**REQUIREMENT:** From the line containing "Galvingreen Galvin Green" down to the line containing "HC-66003 Metal Cash Box", copy out the entries below exactly, both lines included, and nothing else; pictures do not belong in the copy.

**RECORD EXCERPTS:**

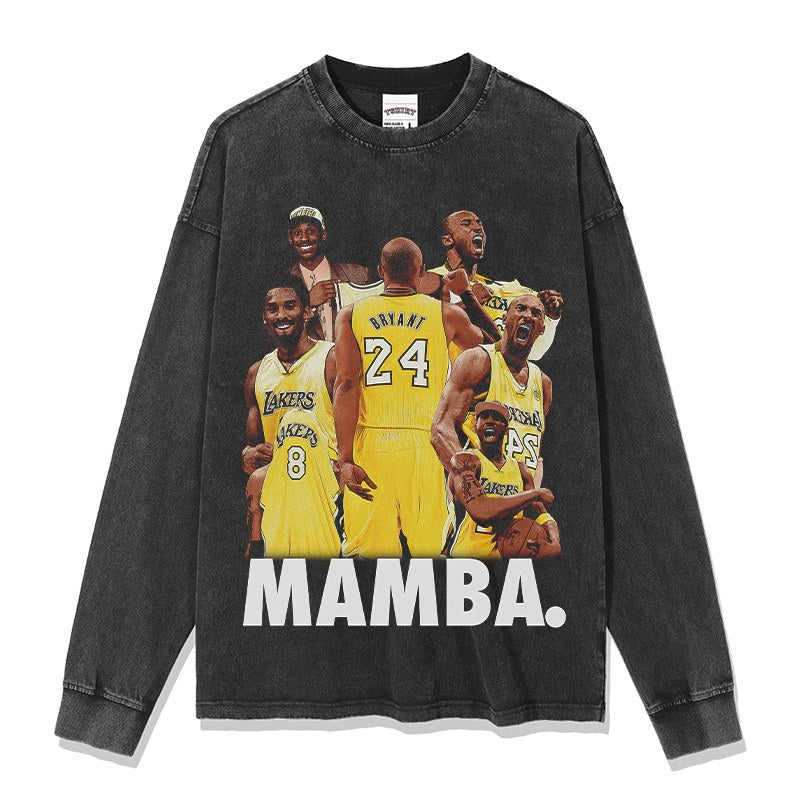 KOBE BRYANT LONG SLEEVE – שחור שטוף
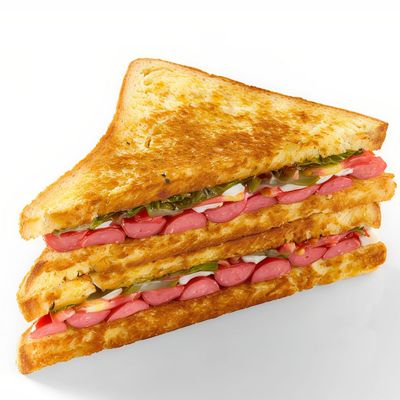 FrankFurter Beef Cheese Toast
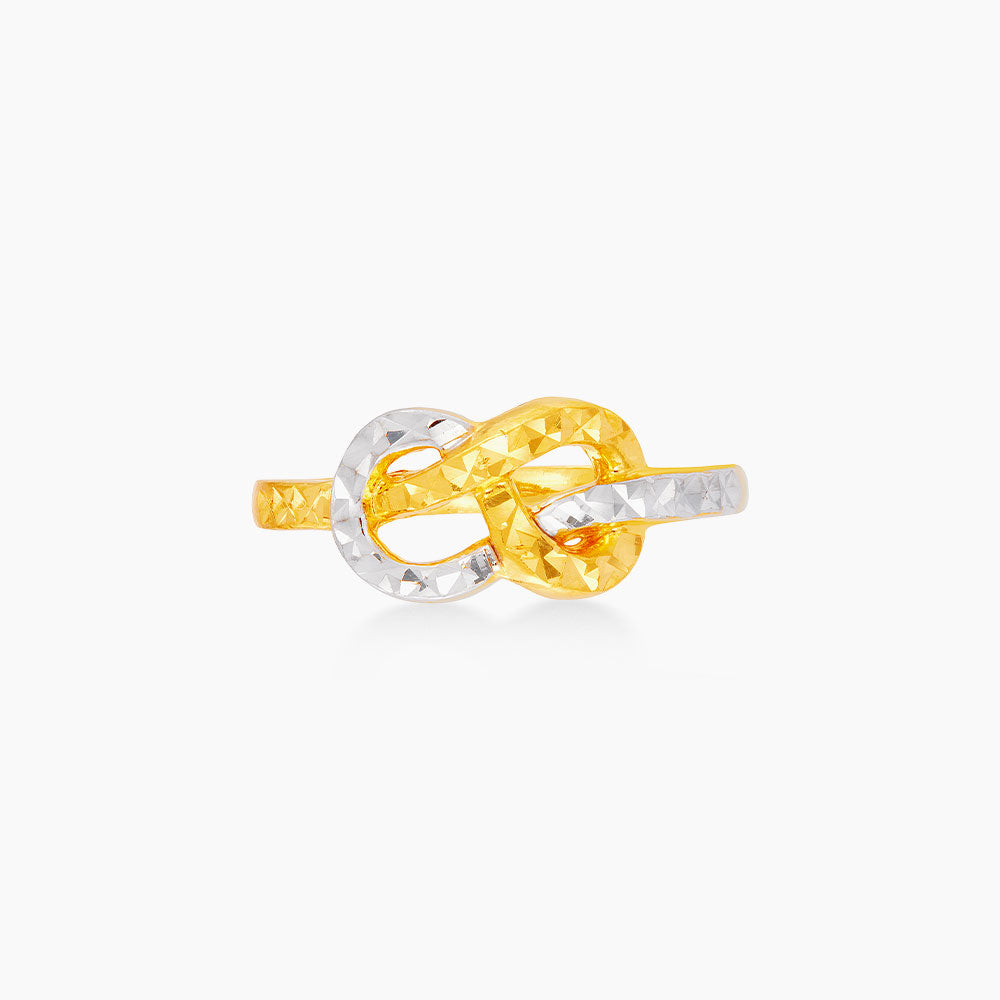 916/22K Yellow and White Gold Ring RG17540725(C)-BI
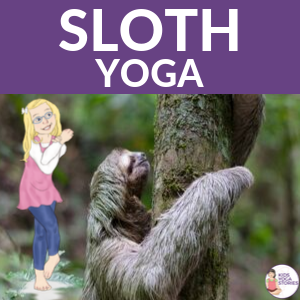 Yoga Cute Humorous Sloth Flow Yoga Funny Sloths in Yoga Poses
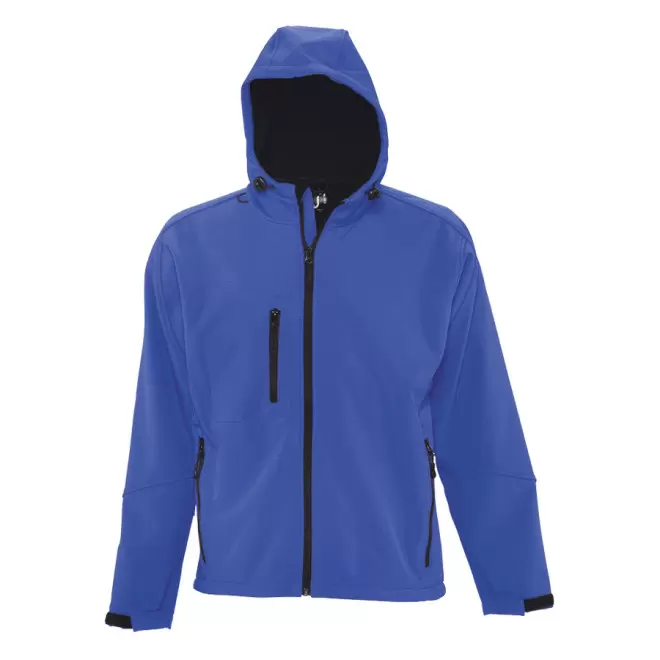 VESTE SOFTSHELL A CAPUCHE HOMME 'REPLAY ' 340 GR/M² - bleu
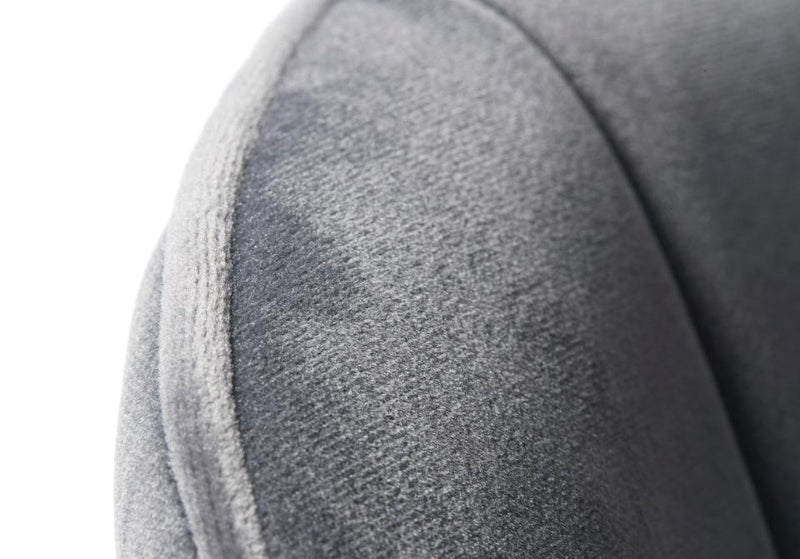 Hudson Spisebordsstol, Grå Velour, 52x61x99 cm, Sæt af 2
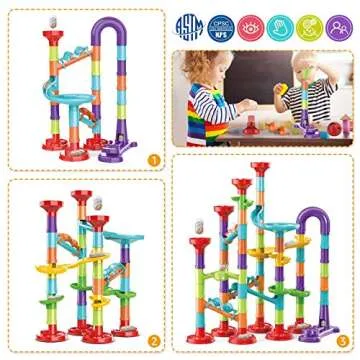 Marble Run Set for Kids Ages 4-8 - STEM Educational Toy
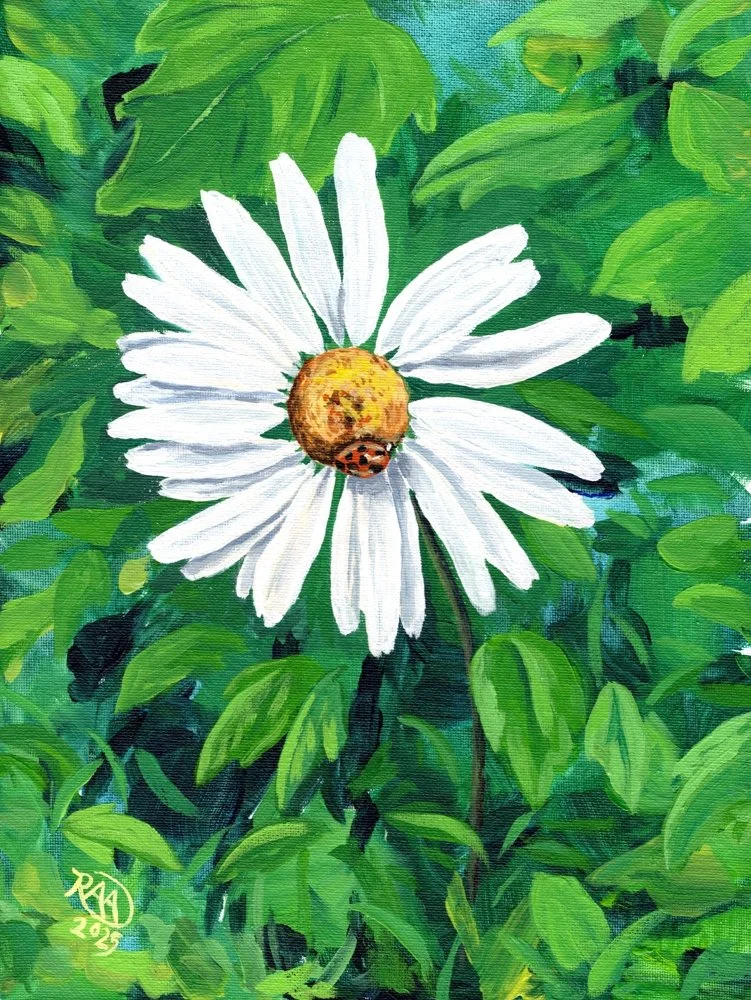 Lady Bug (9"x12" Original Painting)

...

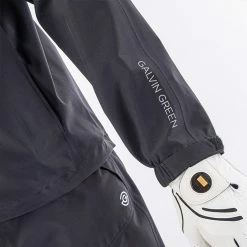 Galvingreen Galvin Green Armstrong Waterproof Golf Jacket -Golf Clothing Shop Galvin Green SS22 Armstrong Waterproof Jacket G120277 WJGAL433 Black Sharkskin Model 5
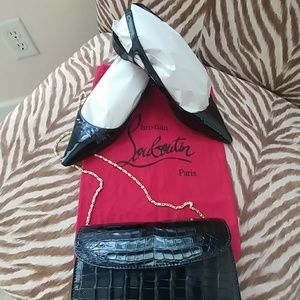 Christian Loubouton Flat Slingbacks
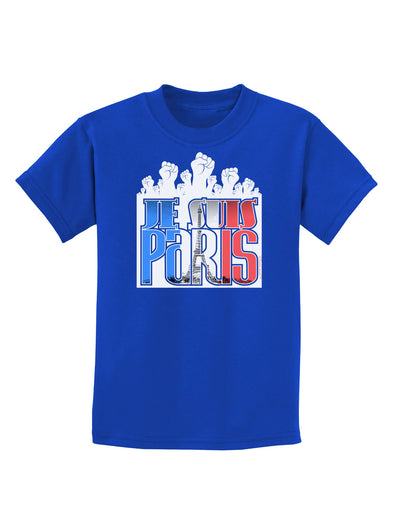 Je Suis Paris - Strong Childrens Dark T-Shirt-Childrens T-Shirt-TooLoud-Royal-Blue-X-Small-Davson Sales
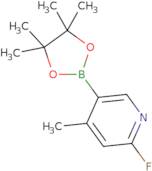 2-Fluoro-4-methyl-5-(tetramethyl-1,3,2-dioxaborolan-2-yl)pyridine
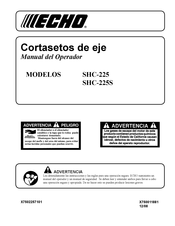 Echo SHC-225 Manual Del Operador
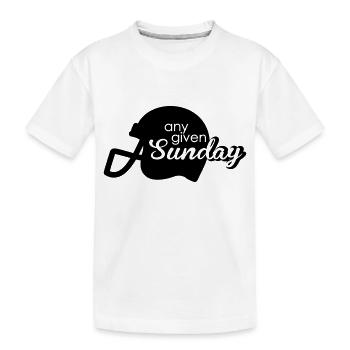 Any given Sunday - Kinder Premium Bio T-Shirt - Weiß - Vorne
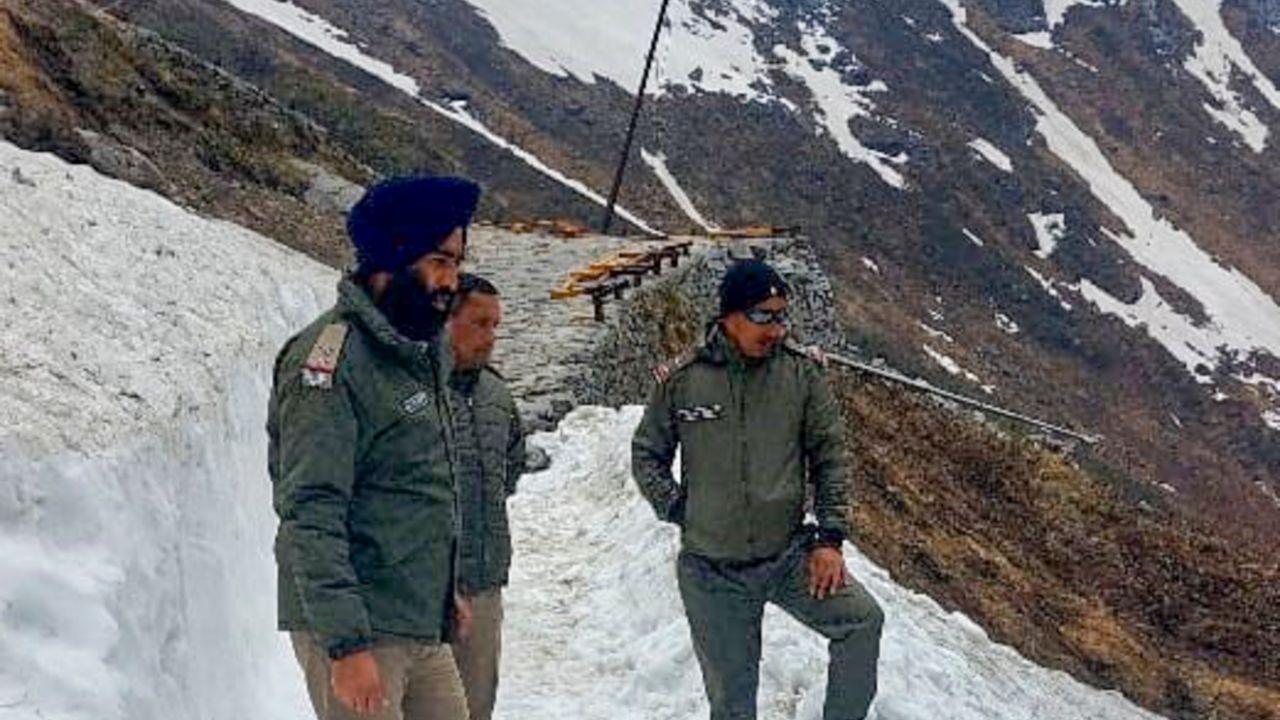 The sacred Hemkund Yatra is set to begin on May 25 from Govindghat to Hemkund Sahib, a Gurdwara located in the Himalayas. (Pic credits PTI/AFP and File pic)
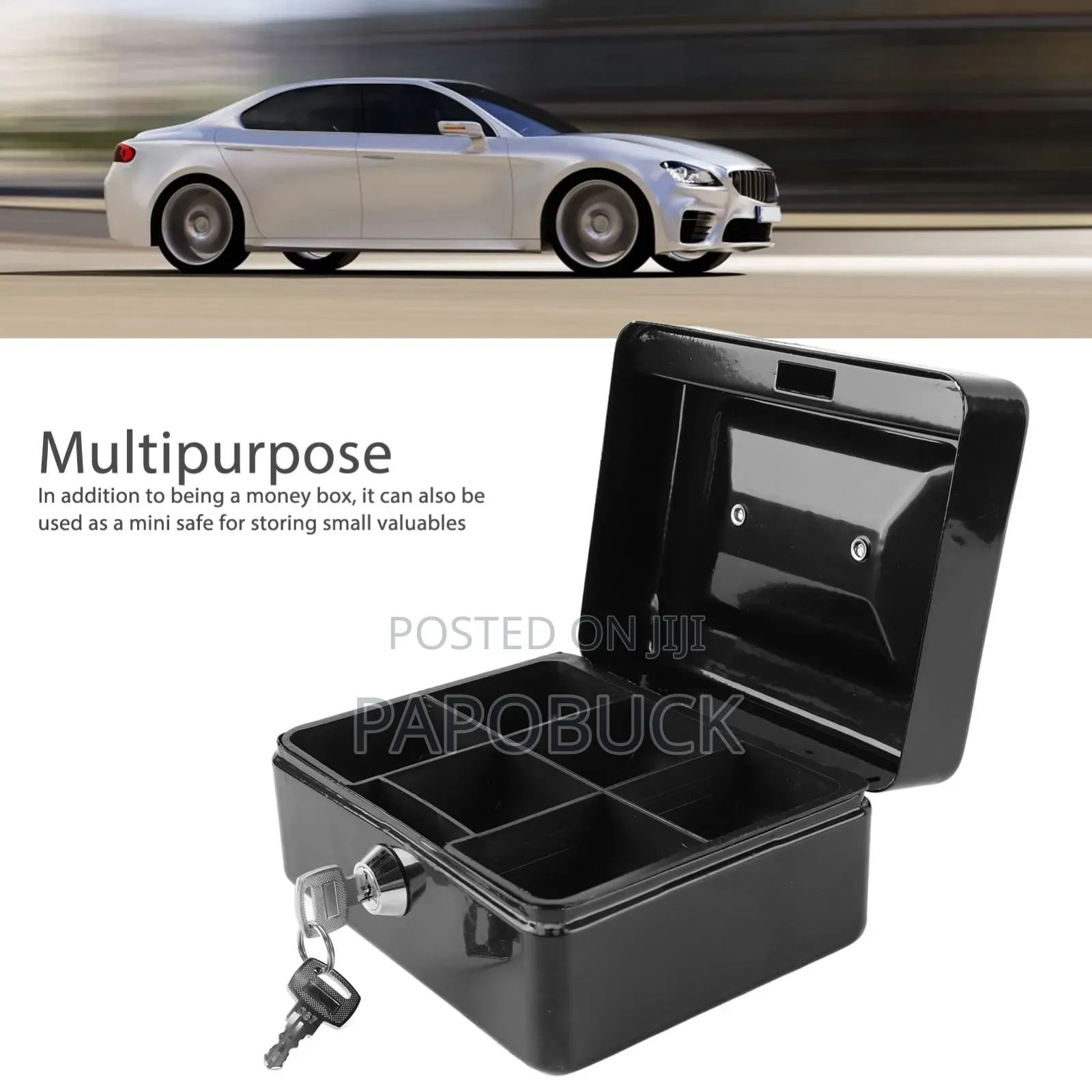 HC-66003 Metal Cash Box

--

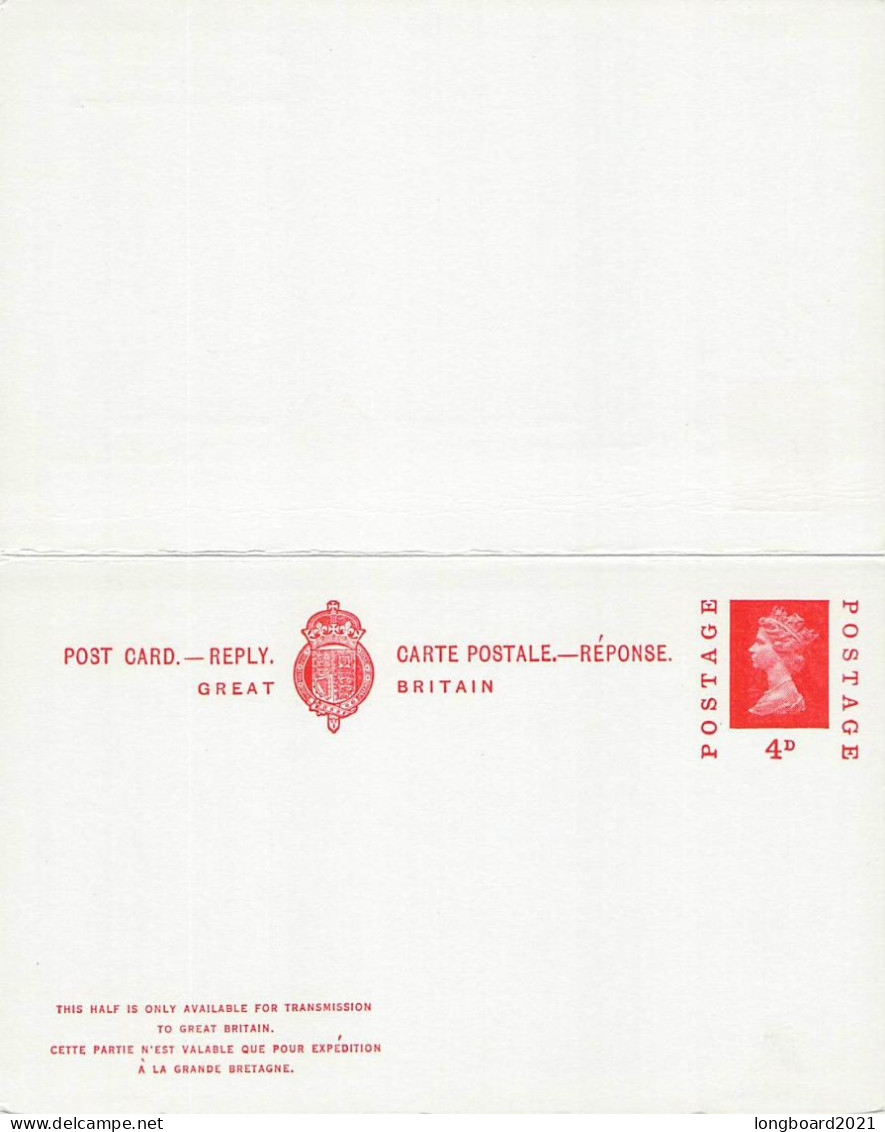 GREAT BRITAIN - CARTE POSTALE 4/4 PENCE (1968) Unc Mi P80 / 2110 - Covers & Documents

**TASK SOLUTION:**
 Galvingreen Galvin Green Armstrong Waterproof Golf Jacket -Golf Clothing Shop Galvin Green SS22 Armstrong Waterproof Jacket G120277 WJGAL433 Black Sharkskin Model 5
 Christian Loubouton Flat Slingbacks
 Je Suis Paris - Strong Childrens Dark T-Shirt-Childrens T-Shirt-TooLoud-Royal-Blue-X-Small-Davson Sales
 2-Fluoro-4-methyl-5-(tetramethyl-1,3,2-dioxaborolan-2-yl)pyridine
 Echo SHC-225 Manual Del Operador
 Any given Sunday - Kinder Premium Bio T-Shirt - Weiß - Vorne
 The sacred Hemkund Yatra is set to begin on May 25 from Govindghat to Hemkund Sahib, a Gurdwara located in the Himalayas. (Pic credits PTI/AFP and File pic)
 HC-66003 Metal Cash Box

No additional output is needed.